Not surprisingly, Samsung Foundry’s recent event confirmed at least two of the trends also recently highlighted by TSMC: the adoption of backside power delivery and the development of technologies that make it possible to place an electric chip and an optical chip in the same package. A frivolous remark on process naming: contrary to Intel Foundry and TSMC, Samsung has not switched to the Angstrom unit and prefers using tenths of a nanometer, with a point (SF1.4). Probably the most surprising announcement this week comes from a Finnish startup, claiming that it can boosts the performance of any existing multicore CPU up to 100-fold. An obvious question comes to mind: why haven’t the leading CPU vendors of the world come up with a similar solution yet? We’ll try to find out as soon as we can.

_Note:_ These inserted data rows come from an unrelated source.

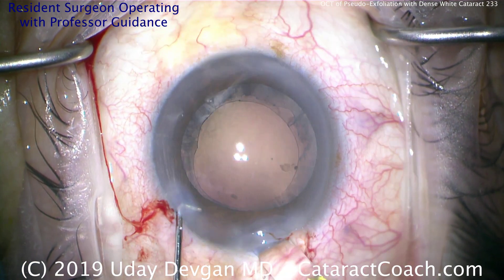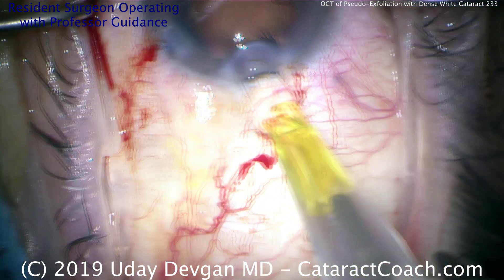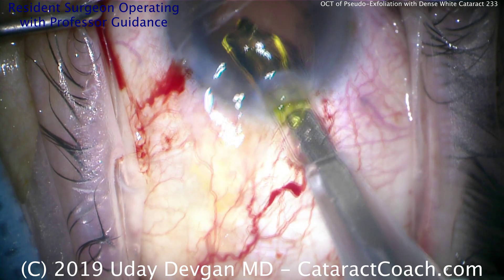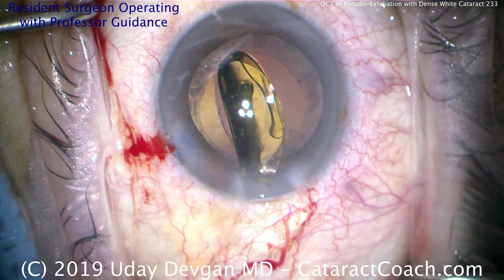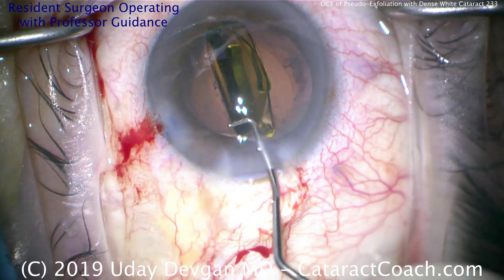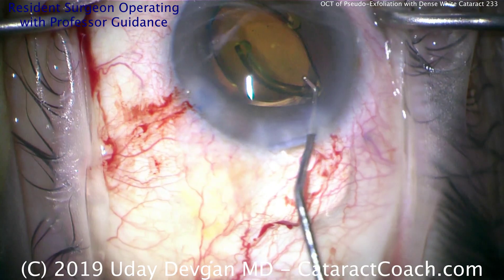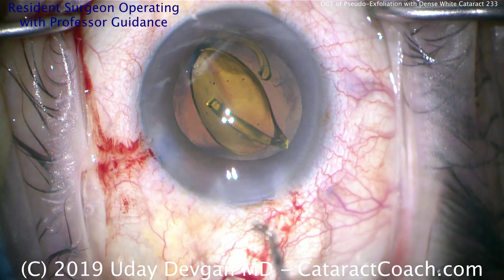Now it's time to deliver the lens — and we've got a surprise here. Watch carefully. Here comes the lens, a single-piece acrylic lens. The eye is not in primary position — keep the eye in primary. Delivering the lens — wait a minute, it's on its side, it's flipping, going the wrong direction. Look at the haptics — right now they're in the S formation. That is incorrect. S is not what you want — S is the stupid mistake. Don't do that. So we need to flip this lens back over the other direction.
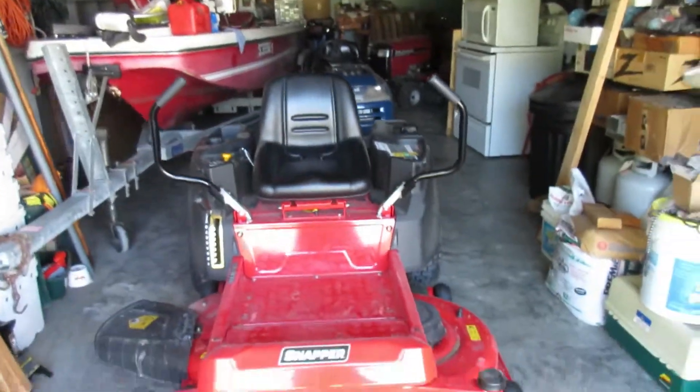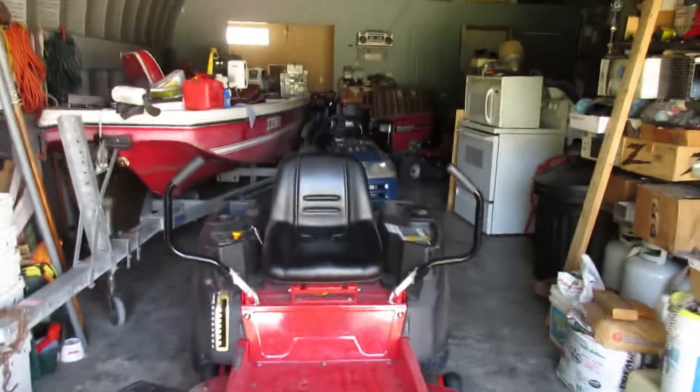I guess I gotta show you this — you might have already seen it in the background — but we got a new lawnmower. It's a Snapper Pro, and this is the lawnmower itself right here. Pretty nice looking.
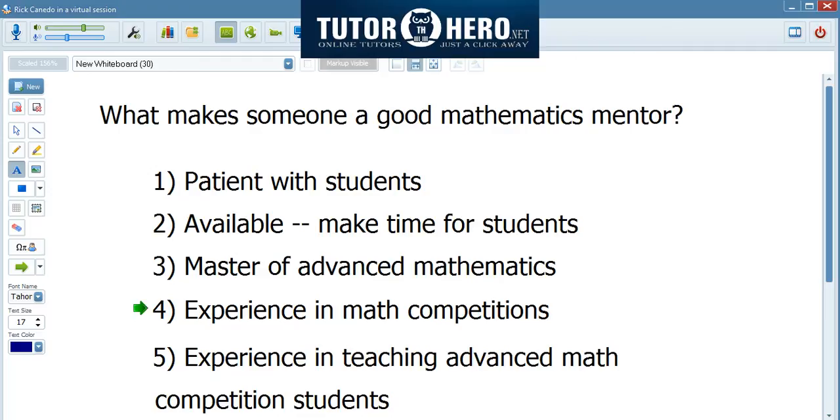He should talk from experience, because experience in math competitions is quite important if you want to mentor somebody who wants to participate in math competition. And also, he should be experienced in teaching other people who have participated in math competitions.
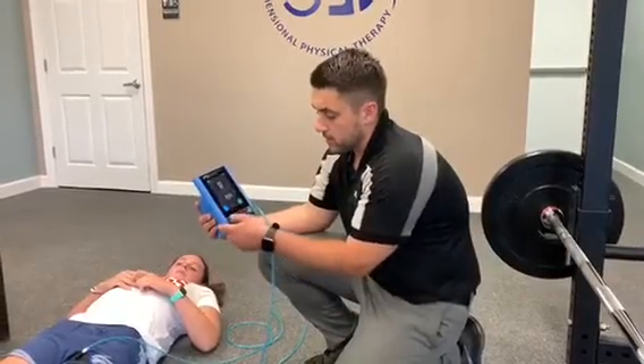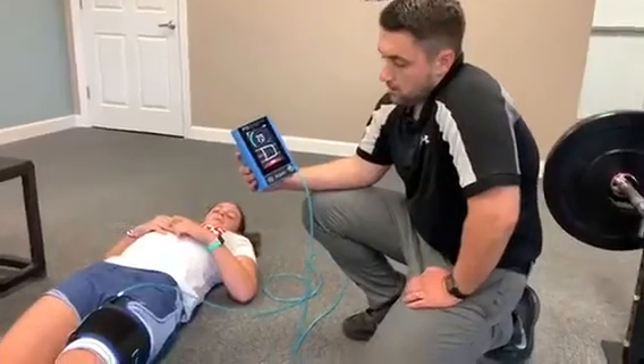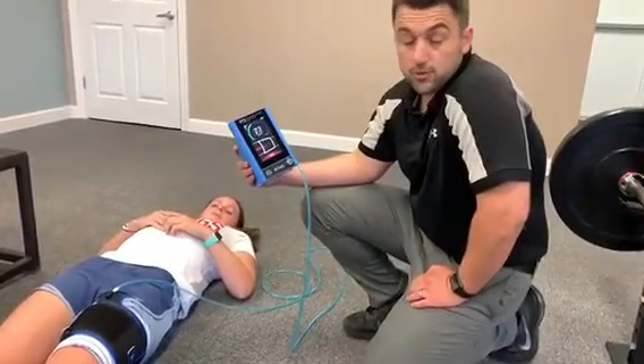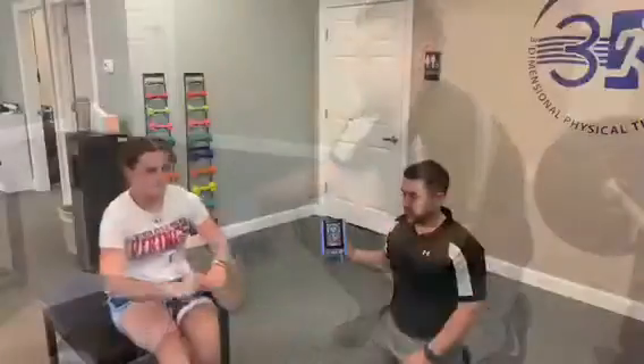First, what we're going to do is hit this button here. We're measuring how much pressure it's going to take to occlude 100% of the blood flow, and then once we get started we'll back it off to 80%.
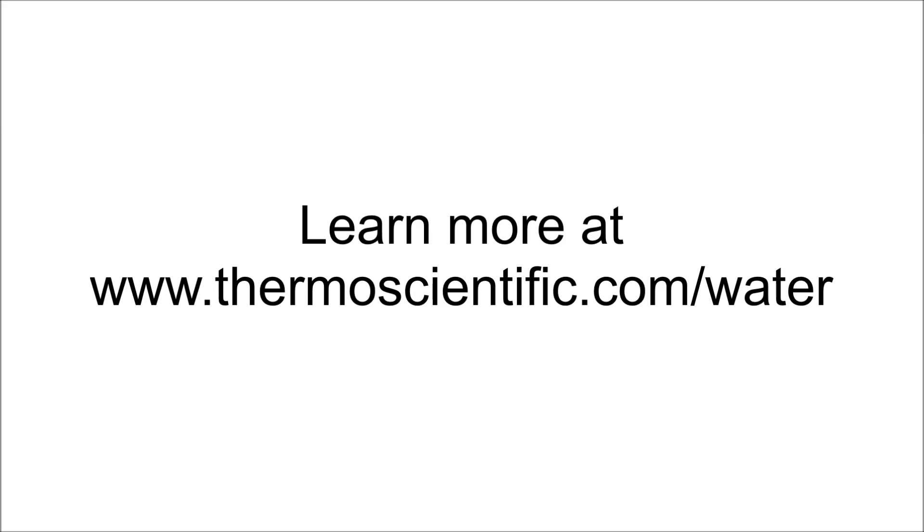To learn more, please go to www.thermoscientific.com/water.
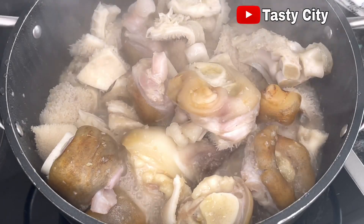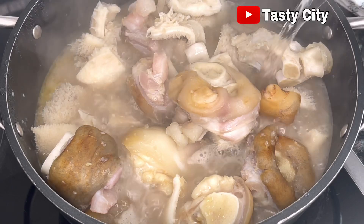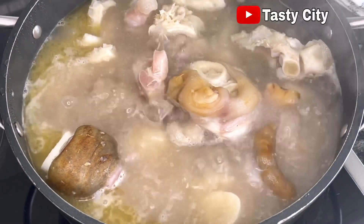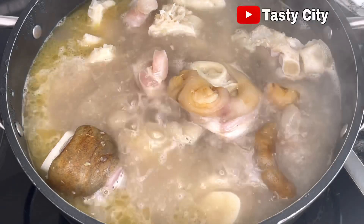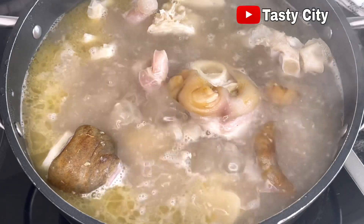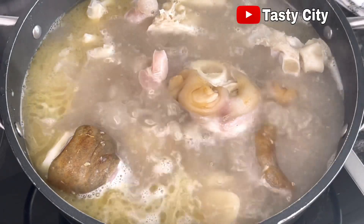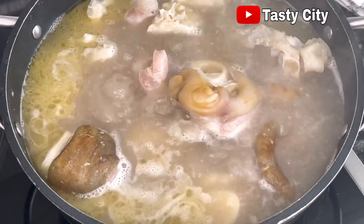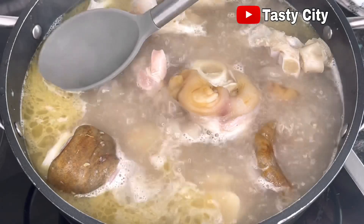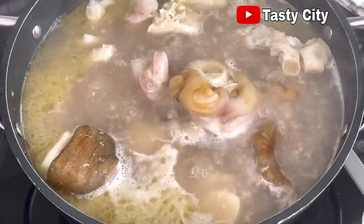It's been cooking now for about 10 minutes. At this stage I'll add in some hot boiled water from my kettle, because I want the cooking process to continue and not drop. Once that's done, I'm going to scoop out some of the melted fat from the cow foot — as you can see, there's fat floating on top of the pot. Sometimes I do this off camera but today I decided to show you how I skim off excess fat.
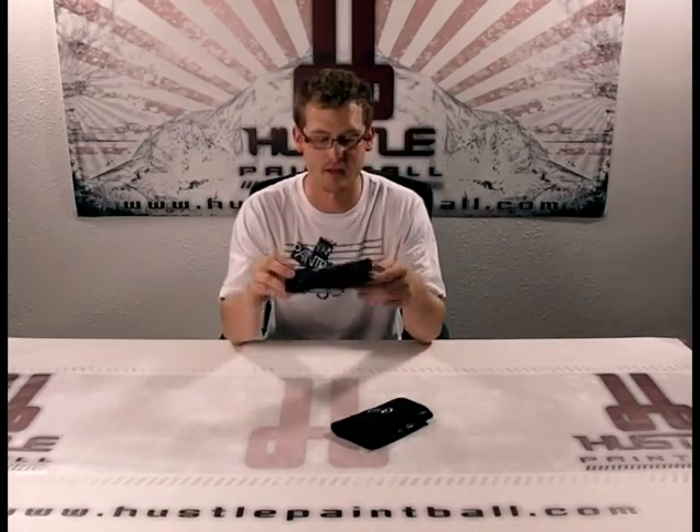Hey guys, what's going on? It's Ethan with HustlePaintball.com and today I'm going to do a review on Sly's half gloves.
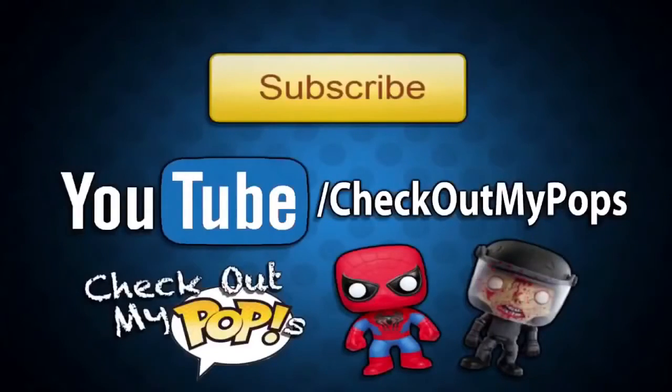Before you leave, I just wanted to let you guys know that yes, this channel is mainly for Funko Pops, but it will also have other toys as well. So if you're a toy lover, toy collector, or just a kid who plays with toys, then be sure to subscribe to this channel.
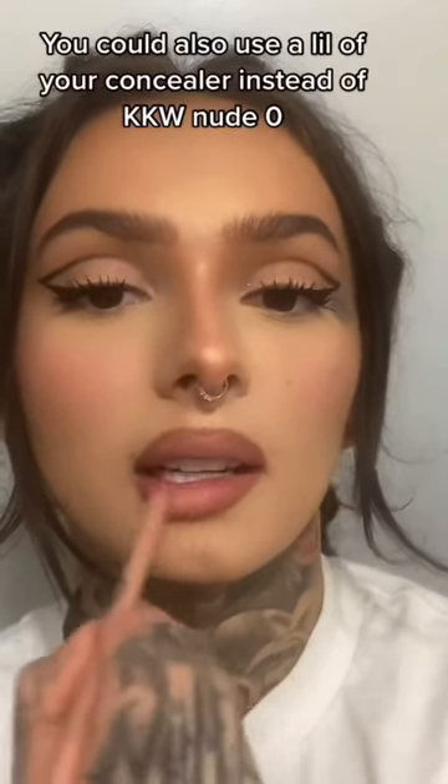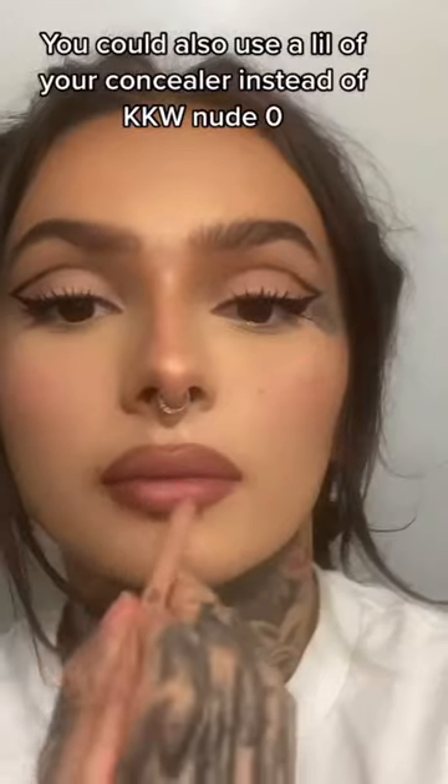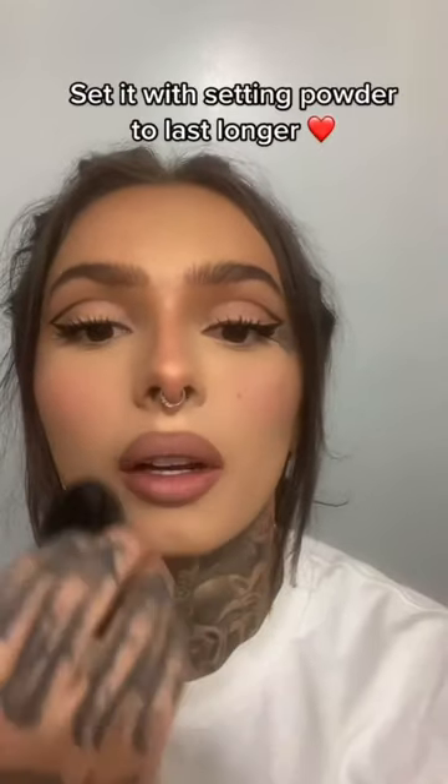Now I'm taking KKW in Nude Zero, applying it more with my finger. And this is what it looks like with flash. If you want, you can pat it with some powder.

Roadmap updates from the U.S. Samsung Foundry Forum
At the recent U.S. Samsung Foundry Forum, the South Korean company announced two new process nodes, SF2Z and SF4U. The company’s latest 2-nanometer process, SF2Z, incorporates optimized backside power delivery network (BSPDN) technology, enhancing PPA compared to SF2 and reducing voltage drop. Mass production of SF2Z is slated for 2027. SF4U is described as a “high-value” 4-nanometer variant that offers PPA improvements by incorporating optical shrink, with mass production scheduled for 2025. Samsung also reaffirmed that its preparations for SF1.4 (1.4-nanometer) are progressing smoothly, with performance and yield targets on track for mass production in 2027. The company emphasized the maturity of its GAA (gate-all-around) technology, which will be used to mass produce Samsung’s second-generation 3-nanometer process (SF3) in the second half of this year and the upcoming 2-nanometer process. Another highlight was the unveiling of Samsung AI Solutions, a turnkey AI platform resulting from collaborative efforts across the company’s Foundry, Memory and Advanced Package businesses, enabling a 20% improvement in total turnaround time. The company is also planning to introduce integrated, co-packaged optics (CPO) technology.